--- Information shown ---

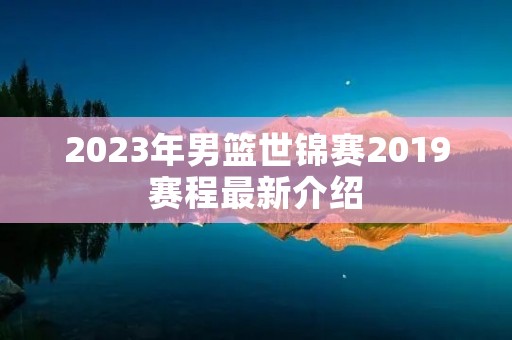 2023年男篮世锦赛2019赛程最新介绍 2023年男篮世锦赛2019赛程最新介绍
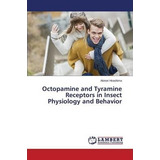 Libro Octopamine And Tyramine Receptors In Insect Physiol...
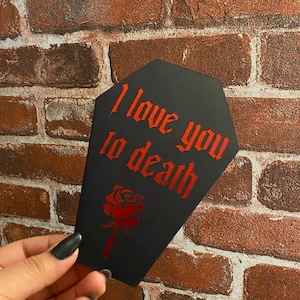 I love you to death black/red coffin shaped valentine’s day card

---

● **Problem statement**
From the data above, write out everything exactly except the pictures.

● **Answer space**
 2023年男篮世锦赛2019赛程最新介绍 2023年男篮世锦赛2019赛程最新介绍
 Libro Octopamine And Tyramine Receptors In Insect Physiol...
 I love you to death black/red coffin shaped valentine’s day card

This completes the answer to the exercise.